Jesús vivió con pasión esta «Buena Noticia» y anunció este «tesoro» que encontró en el
campo. A ella dedicó, con entusiasmo y generosidad incomparable, todo lo que era y todo lo
que tenía, hasta su propia vida, cuando llegó el momento de la entrega de sí mismo. Quería
que Dios, ese Dios al que invocaba tiernamente como «Abbá» (Mc 14,36), a pesar de todos los
usos contrarios de su pueblo, pudiera establecer su soberanía benévola sobre todos y cada
uno, pudiera ser verdaderamente rey en este mundo. Así habría desaparecido de él todo lo que
no permitía a sus hermanos y hermanas ser verdaderamente felices. Anhelaba, en definitiva,
que todos «tuvieran vida, y la tuvieran en abundancia» (Jn 10,10).

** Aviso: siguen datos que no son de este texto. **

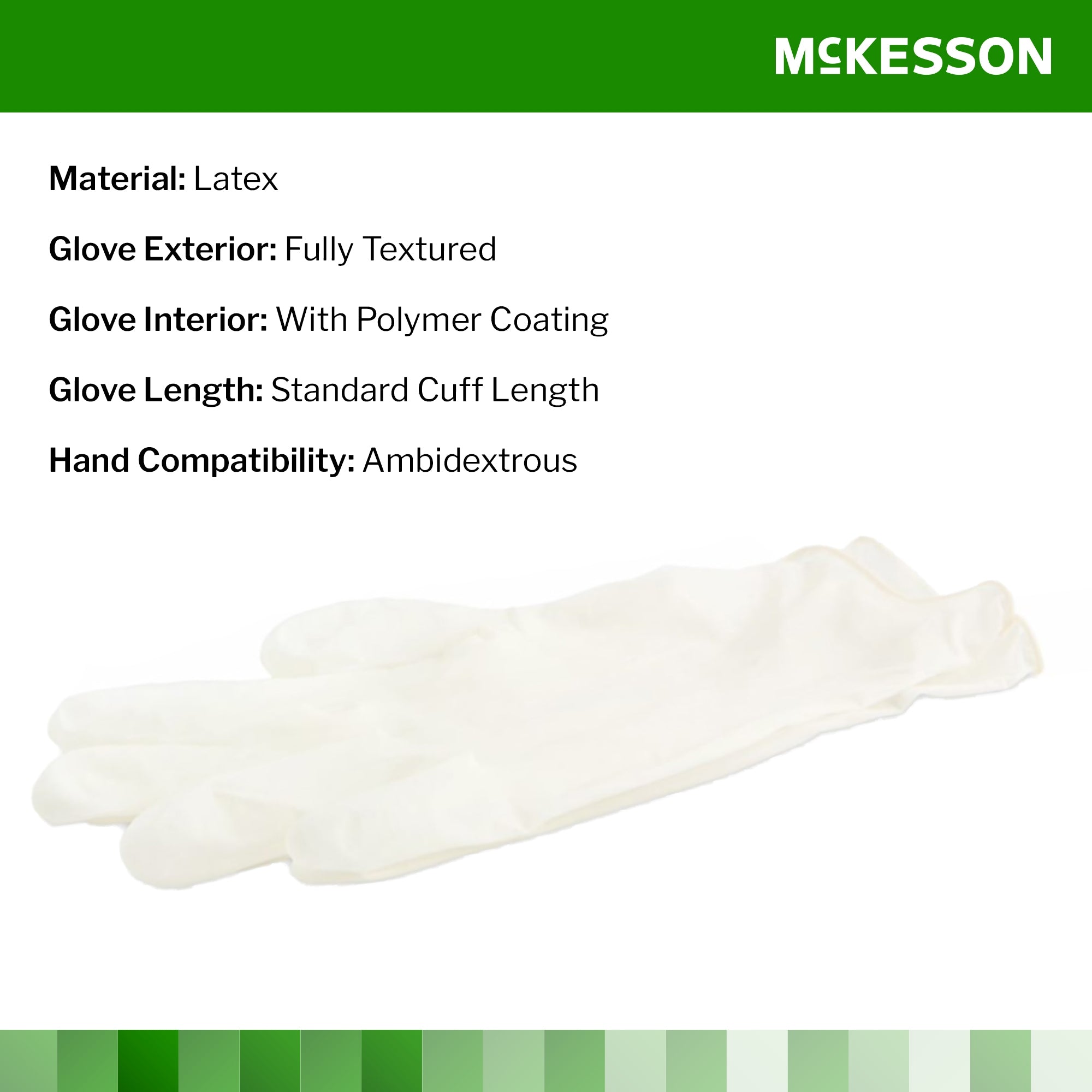 Exam Glove McKesson Confiderm Large NonSterile Latex Standard Cuff Length Fully Textured Ivory Not Rated | 10Box/Case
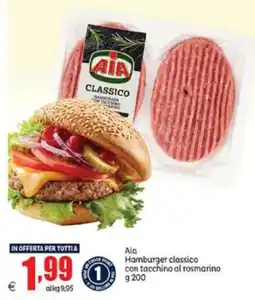 Elite Aia Hamburger classico con tacchino al rosmarino offerta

El suyo no era un anhelo puramente sentimental e ineficaz, sino que se traducía en una
actividad incontenible encaminada a la realización de aquello que anhelaba.
Podemos imaginar que, como se dice de Moisés en la primera lectura, también el rostro de
Jesús estuviera radiante, precisamente porque en él se transparentaba aquella alegría
irrefrenable que le había llevado a “vender todo lo que tenía” para «comprar aquel campo» en
el que se encontraba su «tesoro».
ORACION
¡Cómo quisiéramos ser como tú, Jesús! ¡Cómo quisiéramos que toda nuestra vida estuviera
recogida y concentrada en torno a ese centro que unificaba toda tu vida! Por desgracia,
nosotros nos dejamos seducir por muchas otras cosas que nos atraen. Estamos
constantemente sacudidos de aquí para allá como por las olas del mar. Nuestro corazón está
con frecuencia en otra parte, no allí donde se encuentra el tesoro que tú habías encontrado. No
buscamos siempre el Reino de Dios, no amamos de una manera suficiente la «vida
abundante» para todos.
Ayúdanos tú, Señor. Si, como hiciste un día con tus discípulos, nos miras a los ojos y nos
dices: «Sígueme», nos quedaremos fascinados por tu voz y por tu propuesta y te seguiremos.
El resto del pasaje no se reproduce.